El ser humano está «sediento de comprensión». Esta firme creencia llevó a Alfred Sonnenfeld, doctor en Medicina y en Teología, a escribir «El nuevo liderazgo ético. La responsabilidad de ser libres» (Editorial Fragua), una obra en la que describe, con claridad y rigor, cómo el hombre puede lograr su propia felicidad mediante el verdadero conocimiento. Un libro provocadorque, tomando como referencia las bases antropológicas (Sonnenfeld es un entusiasta de la Neurobiología) y la Grecia clásica, explora las bondades de una vida lograda gracias a la responsabilidad del ser humano. «Con este libro quiero provocar una sola cosa: que la gente reflexione, ni más ni menos», explica Sonnenfeld en conversación telefónica con ABC. «Sé que suena bastante general, pero es que no se reflexiona», argumenta el autor.

Por ello, a lo largo de las 169 páginas, Sonnenfeld plantea, con inteligencia y de forma muy pedagógica, una serie de preguntas en las que explica las situaciones a las que conduce la falta de reflexión en la sociedad. Para ilustrar la banalidad del mal, el autor recurre a un personaje de constante actualidad, la filósofa alemana Hannah Arendt y su cobertura del juicio a Adolf Eichmann en 1961 para «The New Yorker». «Arendt decía que era increíble lo que veía, los argumentos que Eichmann empleaba para defenderse, y llega a la conclusión de que era un “mindundi” porque no reflexionaba», explica Sonnenfeld.

Liderazgo ético

La consecuencia principal de esa falta de reflexión es la injusticia. «Es más, sin reflexión no hay posible convivencia. Solo puede haber convivencia si se atiene uno a la libertad». Por eso es importante tener en cuenta «la realidad de las cosas, solo quien la tiene en cuenta es feliz». Una realidad que está muy alejada de esos «mundos virtuales» que nos ofrece internet. «Cuando uno se mete en el engranaje de la mentira, es muy difícil salir, igual que con las adicciones». Y ahí juega un papel clave el liderazgo ético. «Los verdaderos líderes deben tener buen espíritu, ser coherentes con lo que hacen y dicen. Invitar, animar e inspirar, eso es lo que hace un buen líder».
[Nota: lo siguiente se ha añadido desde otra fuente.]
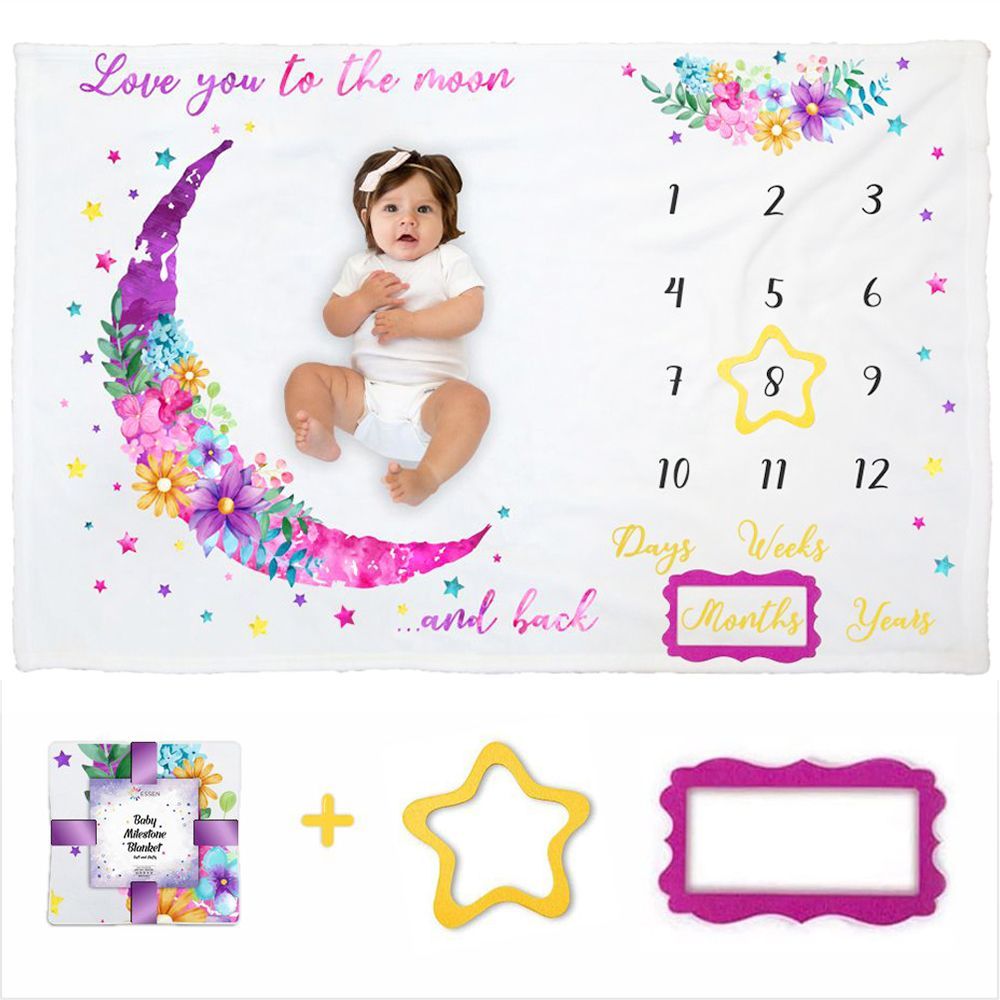 Essen - Baby Monthly Milestone Blanket - Pink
Como ejemplos de «verdaderos líderes» Alfred Sonnenfeld cita a la madre Teresa de Calcuta, el recientemente fallecido Nelson Mandela o a Sócrates. «Es gente que tuvo una evolución muy grande, con un gran respeto hacia la dignidad humana y que siempre ve en el otro el semblante divino». Estos líderes deben «ayudar a descubrir talento, porque todos nacemos con la capacidad de tener talento, pero muchas veces queda en el estado de hibernación».

En ese punto, es fundamental una educación adecuada, en la que se entusiasme al alumno, dado que «siempre que se hace algo con entusiasmo es abono para el cerebro». El autor considera que en la actual sociedad «mucha gente está en la caverna (en relación a la alegoría de Platón), no quiere salir», por eso «necesitamos creatividad, libertad y no estar condicionados».